Un camión puede contar la historia de un genocidio. La película La carga, de Ognjen Glavonic, relataba cómo un conductor trasladaba una misteriosa mercancía entre Kosovo y Belgrado durante los bombardeos de la OTAN de 1999. El espectador descubrirá que se trataba de cadáveres de albaneses, víctimas de la limpieza étnica de los paramilitares serbios, acarreados de un lugar a otro para no dejar huellas de los asesinatos masivos. En Las sepultureras (Errata Naturae), un libro sobre las fosas comunes de Bosnia-Herzegovina —y sobre la vida y la muerte, las heridas de la guerra y la voluntad de sobrevivir—, la periodista Taina Tervonen escribe: “A lo mejor, lo primero que debería hacerse cuando se investiga un genocidio es interrogar a los conductores de camión, de autobús y de tren. Ellos saben. Como el que condujo a los investigadores hasta la fosa de Tomasica”.
Esta reportera y escritora francofinlandesa de 49 años reconstruye en este libro, traducido por Iballa López Hernández, la guerra de Bosnia (1992-1995) a través de la huella más dolorosa que ha dejado, los enterramientos masivos que albergan a miles de personas que todavía permanecen desaparecidas. Y lo hace a través de dos personajes, Senem, antropóloga forense, y Darija, investigadora, que llevan desde sus 20 años, desde el final del conflicto, ayudando a las familias en esa dolorosa búsqueda. Pero en sus páginas también aparecen decenas de personas que vieron cómo su mundo era engullido por la violencia de la noche a la mañana, que contemplaron cómo los vecinos denunciaban, asesinaban y torturaban a personas que conocían desde siempre.

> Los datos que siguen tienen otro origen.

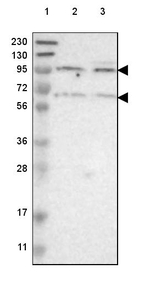 CDH18 Antibody in Western Blot (WB)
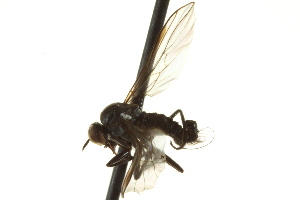  ( - CNC DIPTERA 163362)  @12 [ ] CreativeCommons - Attribution Non-Commercial Share-Alike (2012) CNC/BIO Photography Group Centre for Biodiversity Genomics
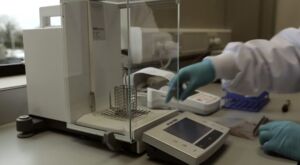 Micotoxinas - micotoxinas en alimentos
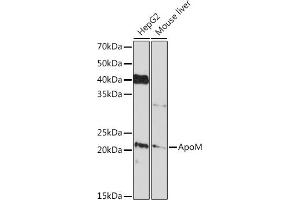 Western blot analysis of extracts of various cell lines, using ApoM Rabbit mAb (ABIN7265646) at 1:1000 dilution. (Apolipoprotein M antibody)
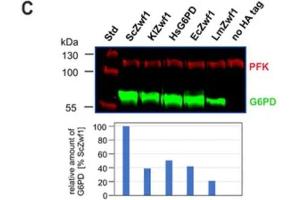 Western Blot of Anti-PFK Antibody. (PFKM 抗体)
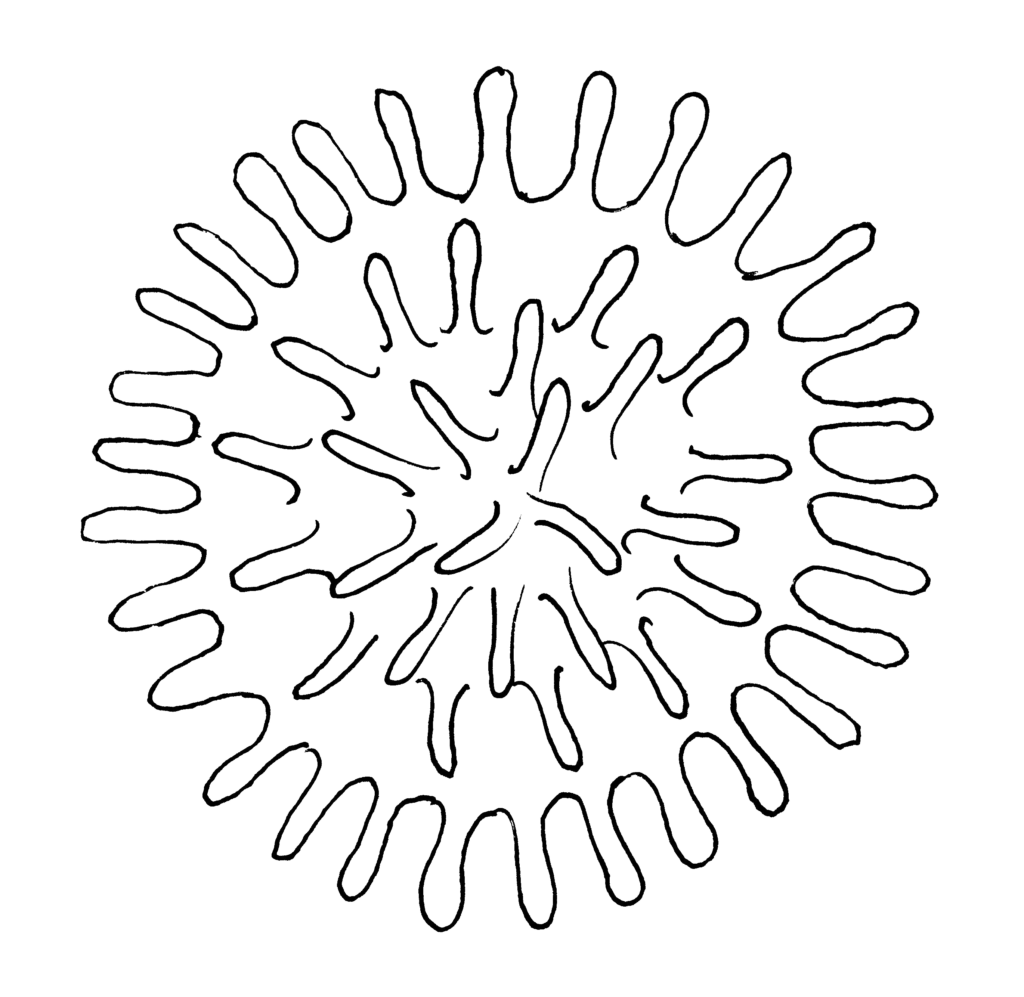 Původce infekčního onemocnění hepatitidy C – Hepatitis C Virus (HCV)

- Uno de los primeros descubrimientos que realizó cuando comenzó a acompañar a las antropólogas forenses que protagonizan su relato es que el olor dulzón y repugnante de la muerte no se va nunca. Se queda en la nariz, en la ropa, pero sobre todo en la mente. El otro hallazgo crucial fue que el asesinato de masas requiere una enorme planificación e infraestructura, así como la complicidad de muchas personas. Los verdugos casi nunca matan solos.
Cuando Tervonen contempló la enorme fosa común de Tomasica, descubierta en 2013 precisamente gracias al testimonio de uno de los conductores que trasladaron los cadáveres, tuvo ante sus ojos la evidencia de que el genocidio de los musulmanes bosnios por parte de los ultranacionalistas serbios había sido minuciosamente planificado. En esa antigua mina aparecieron cerca de 500 cadáveres, de los que solo la mitad han sido identificados. El resto representan a familias que nunca han podido cerrar su duelo, que se enfrentan todavía a cientos de dolorosas preguntas sin respuesta.
“Me había preguntado muchas veces por la logística de un genocidio”, explica en conversación telefónica desde París, donde reside. “No se puede ejecutar a cientos de personas sin haberlo planificado y organizado previamente. Es necesario conseguir armas, municiones, decidir qué se va a hacer con los cuerpos, dónde van a tener lugar los asesinatos. Muchos de los relatos que he escuchado se refieren a la cuestión del transporte: siempre está en el centro de las deportaciones masivas”, prosigue.
Y eso es algo que no solo se da en Bosnia: uno de los libros más importantes escritos sobre el Holocausto, La destrucción de los judíos europeos (Akal), de Raul Hilberg, pone en el centro de la investigación los trenes que transportaban a las víctimas desde toda Europa a los campos de la muerte.
“Pensé también en los conductores. Son personajes muy importantes”, añade la escritora.
“Se trata de supervivientes, que pueden haber tenido un papel crucial en los asesinatos, pero que también pueden salvar la vida de personas”, explica antes de relatar la historia de un conductor de autobuses que debía trasladar a musulmanes bosnios expulsados de sus casas y que se negó a dejar subir a soldados al vehículo, un gesto que evitó una matanza.
“Cuando llegué aquí no sabía lo que me esperaba”, confiesa la autora en el arranque del libro. “Nada me había preparado para contemplar una fosa común.
Una fosa común es trabajo. No hay sitio para las ideas frente a ese enorme agujero del que deben extraerse los cuerpos antes de que llegue el invierno”. El contacto con el trabajo de campo de los forenses marca todo su gran reportaje, teñido por la admiración hacia las personas que dedican su vida a buscar cadáveres, porque no solo se enfrentan al olor de la muerte, sino al dolor de las familias.
Son los que excavan, pero también investigan y cotejan el ADN para tratar de cerrar los miles de casos de desaparecidos que quedaron abiertos tras una guerra durante la que fueron asesinadas 100.000 personas, la mayoría civiles.